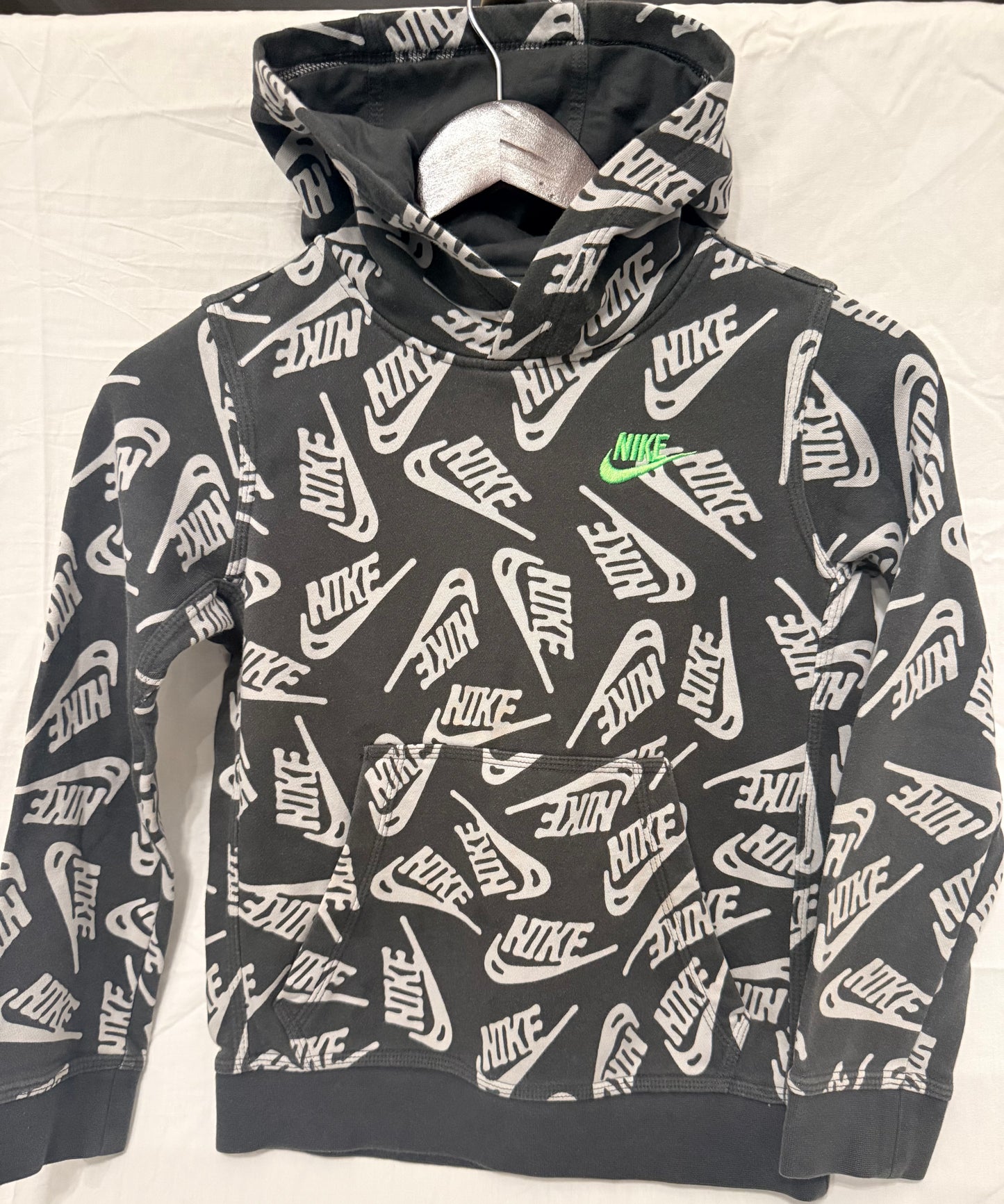 #143 Nike dark gray hooded sweatshirt boys size small (S)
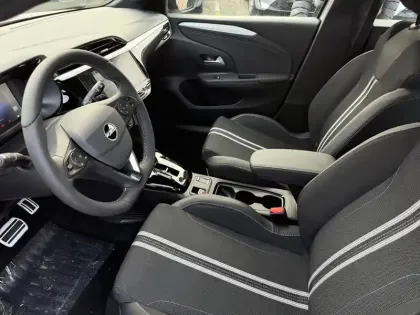 Photo 23 Opel Corsa  1.2 Turbo 100 ch BVA8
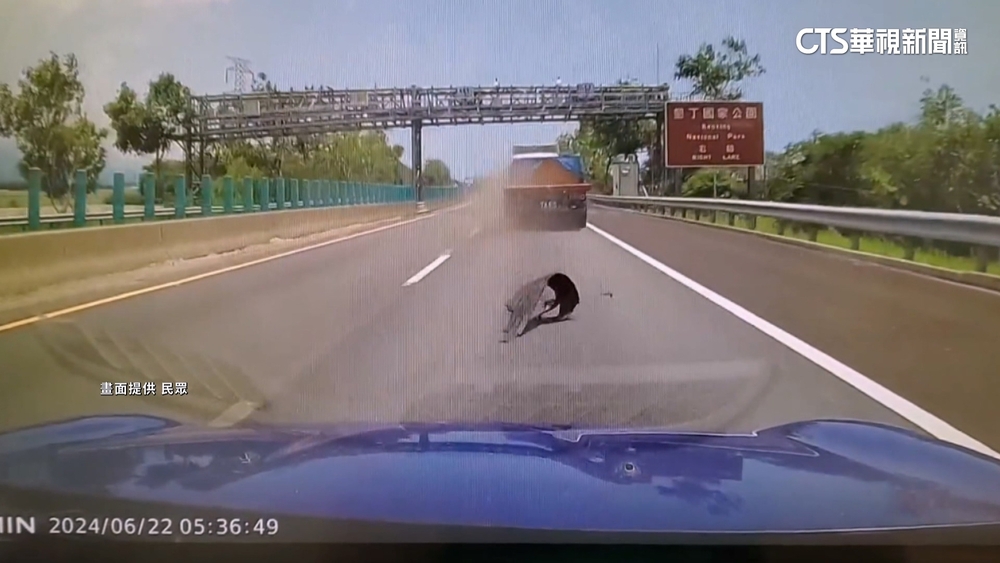 大貨車國道爆胎胎皮打中後方轎車　嚇壞駕駛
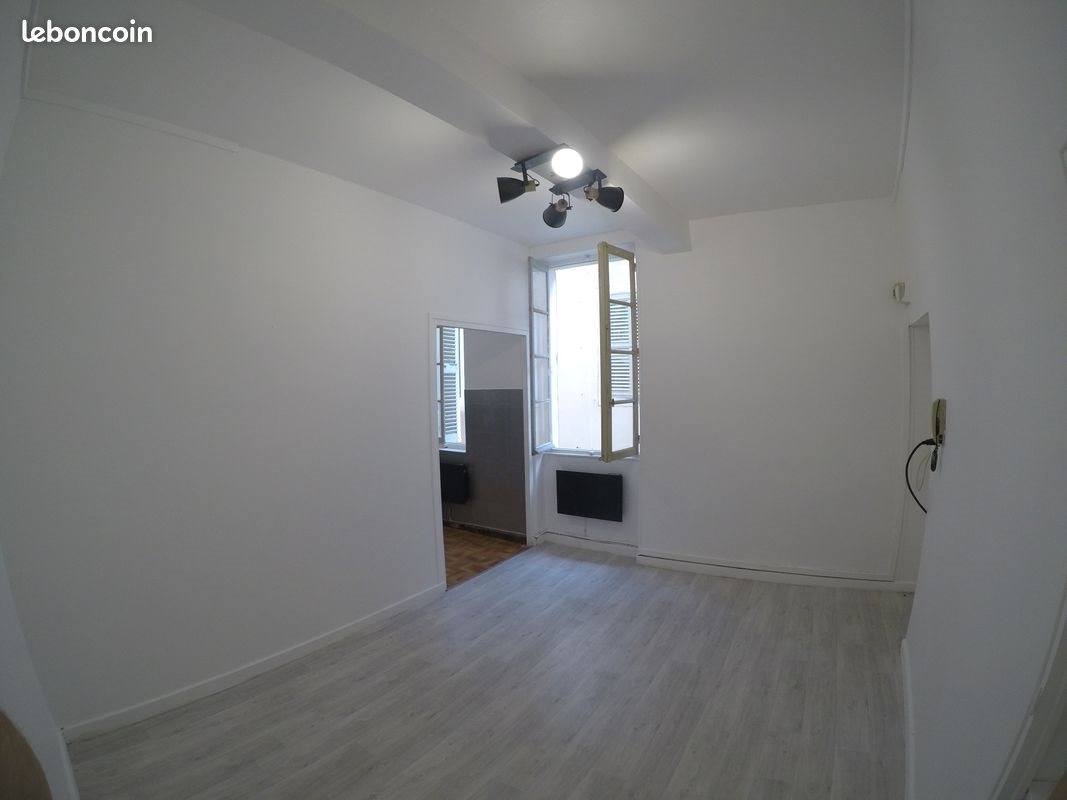 Appartement à louer, 19m², Montélimar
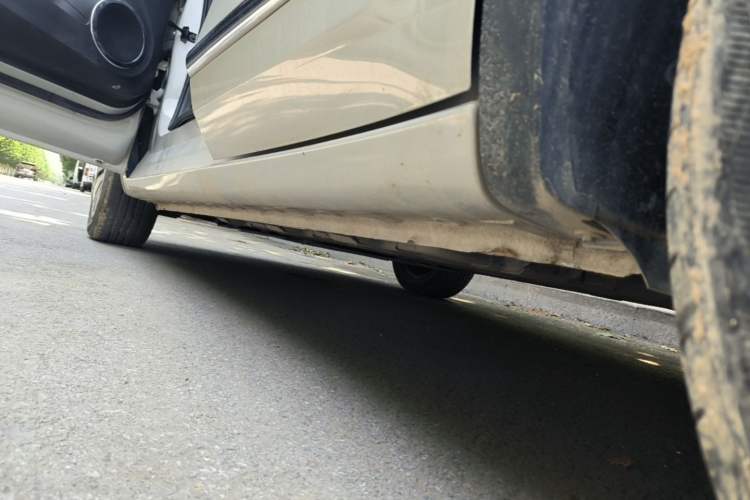 Used Wuling Bingo 2024 333 km Enjoyment Version Left Side Sill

= Goal of the exercise =
The answer should hold every line of the listing, copied exactly, with no pictures.

= Task output =
 #143 Nike dark gray hooded sweatshirt boys size small (S)
 Photo 23 Opel Corsa  1.2 Turbo 100 ch BVA8
 大貨車國道爆胎胎皮打中後方轎車　嚇壞駕駛
 Appartement à louer, 19m², Montélimar
 Used Wuling Bingo 2024 333 km Enjoyment Version Left Side Sill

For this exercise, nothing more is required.